Over the last 30 years or so our culture has been undergoing a digital revolution – digital technologies have become ingrained in our day-to-day life and we have been catapulted into the Information Age. Unlike the generations that have gone before them, the youth of today will have only known an on-demand digital lifestyle. This, coupled with an increasing reliance on digital technology, will have an impact on how people do business and how people will want to interact with government. To keep up with the change in culture and to help close the gap between the system and the people, it is up to governments to digitally transform the way they interact with people, deliver services and provide information.

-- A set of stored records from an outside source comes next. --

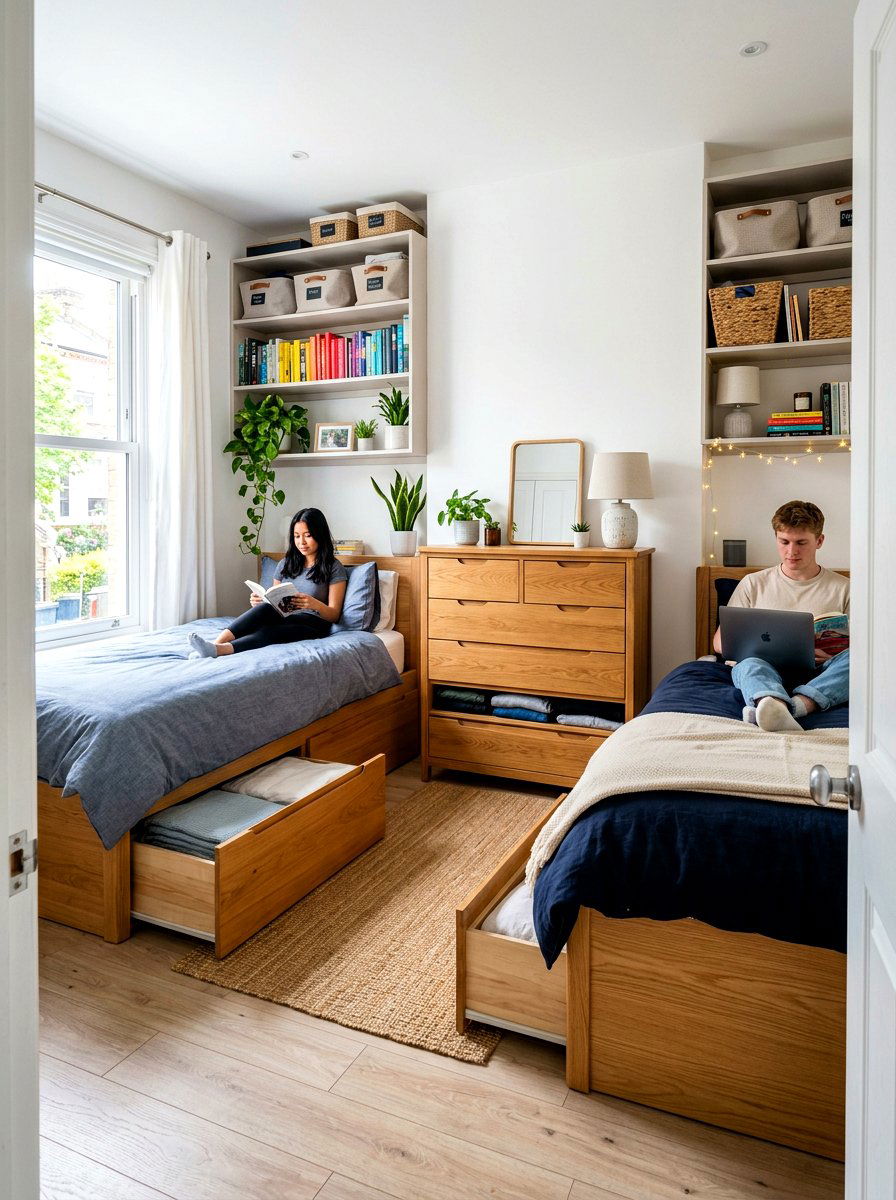 Small shared bedroom storage - 30 shared kids room ideas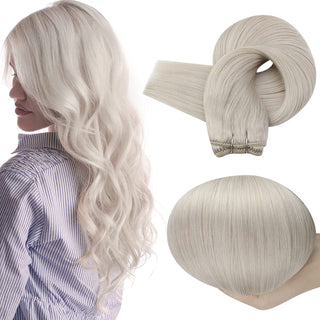 Full Shine Sew In Hair Weft Bundles 100% Remy Human Hair Ice Blonde (#1000)-weft-Full Shine
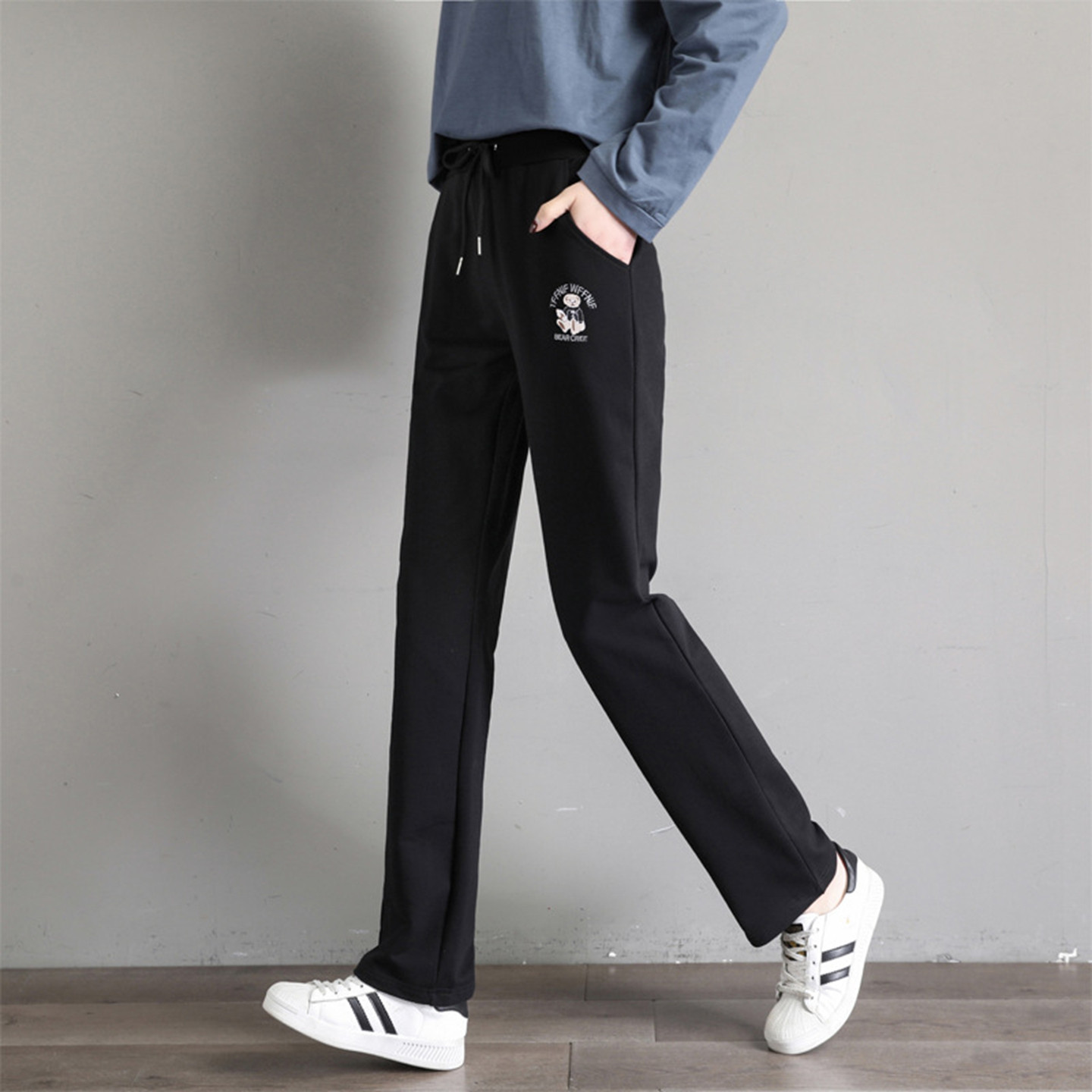 小熊纯棉直筒运动裤女春秋夏季薄款宽松休闲裤子高中初中学生卫裤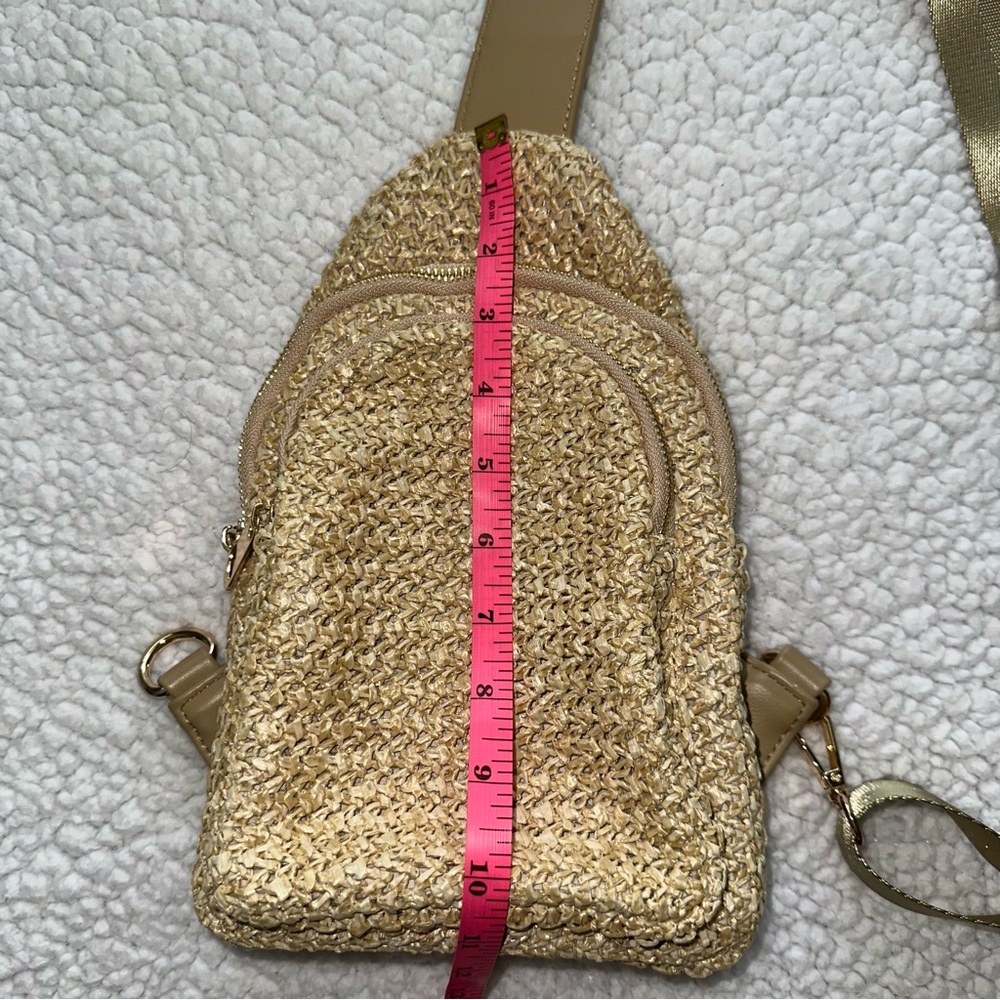Urban Expressions straw woven crossbody sling bag adjustable strap zippers gold - Picture 12 of 15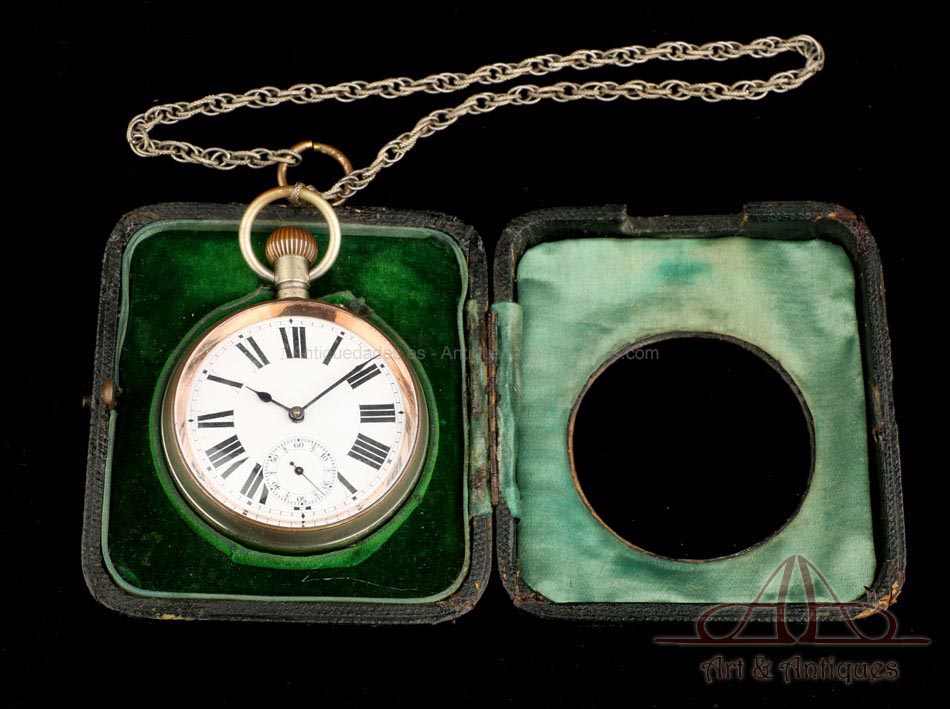 Reloj de Bolsillo Antiguo de 65 mm de Diámetro. Francia, Circa 1900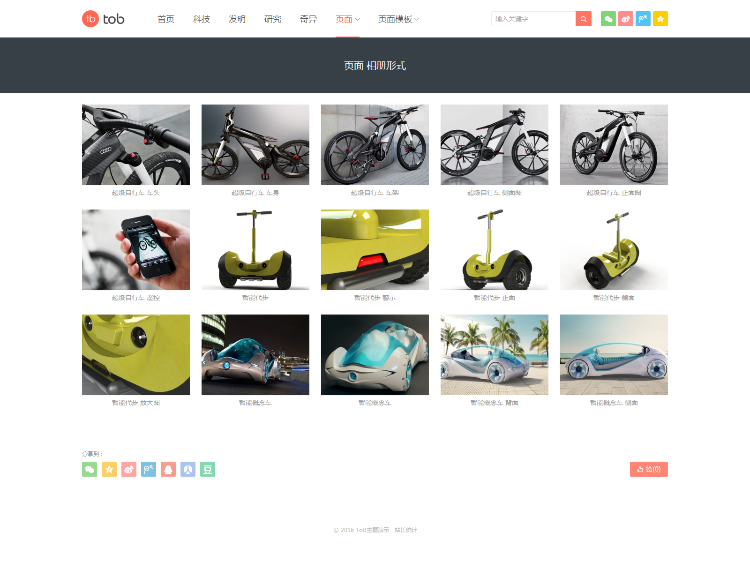 WordPress程序图片主题大前端TOB主题自适应图片网站源码 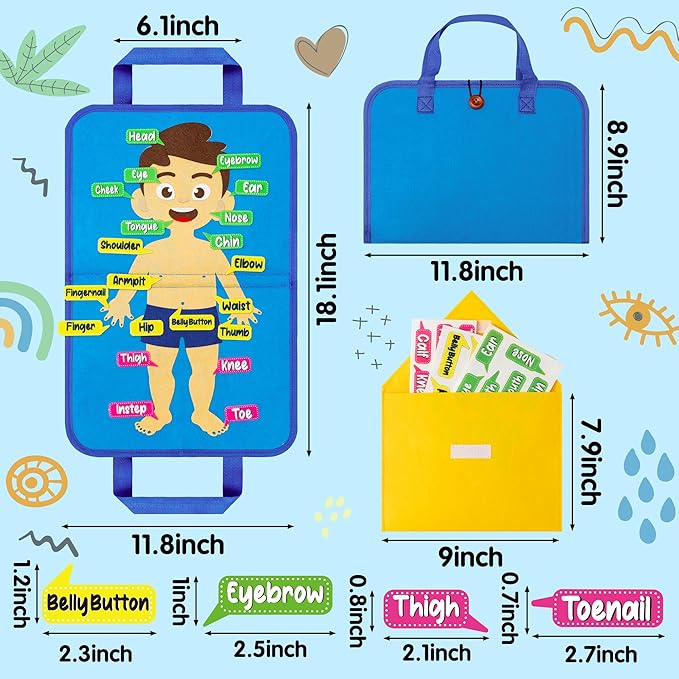 WATINC Body Parts Learning Portable Felt Story Board Set, 32PCS Preschool Human Organ Educational Teaching Storytelling Travel Board, Early Interactive Play Kit Gift for Toddler Kid (White)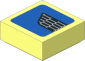 Tile  1 x  1 with Black and Grey Hexagons on Blue Background Right Sticker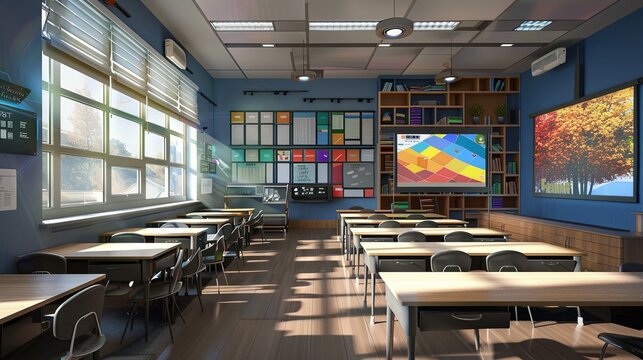 A contemporary classroom with interactive panels, AI assistants, and modern furniture, creating an inviting learning environment. Generative AI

Digital Transformation in Government
Generally speaking, digital transformation refers to the changes that occur when digital technologies are applied to all aspects of our society. From a government perspective, digital transformation is the process of whole scale change that affects governmental functions, from customer service to technology, to communications and marketing. At its most simple, digital transformation is the concept of going paperless and aims to help make communication between citizens and the government easier, more appealing and more efficient. This process of change can be especially challenging for governments as governmental systems are often rigid and bogged down by policy, procedure and tradition.
Efficiency vs Complexity
As we move toward a more digitally reliant society, tolerance for "old ways" of interacting with a government department or service provider, especially by younger generations, is decreasing. Nobody wants to waste time in queue, fill out and lodge paper forms, or spend time on hold listening to elevator music on repeat. In response to changing technologies and customer needs, governments should be able to move away from paper forms and queues and instead provide people with no fuss, streamlined digital services where their needs can be effectively, efficiently and easily met. But governments can be very complex beasts – sometimes way more so than they need to be – and this complexity can get in the way of effective and efficient interaction with people. In most cases there is a big, yawning gap between governments and their citizens.
An Imbalance of Power
Traditionally Governments hold all the information, all the knowledge and all the power. At the other end of the spectrum exists the citizen, the customer of the government, who holds very little power and is just trying to get access to the information and services they are entitled to. In some cases, where Governments have started the process of digital transformation and have come online, information and services are scattered between hundreds of different webpages and systems. This makes information hard to find, hard to access and unintentionally continues to enforce the asymmetrical relationship between people and the Government which digital transformation aims to correct. For these reasons well thought out and well planned digital systems are vital to good service provision.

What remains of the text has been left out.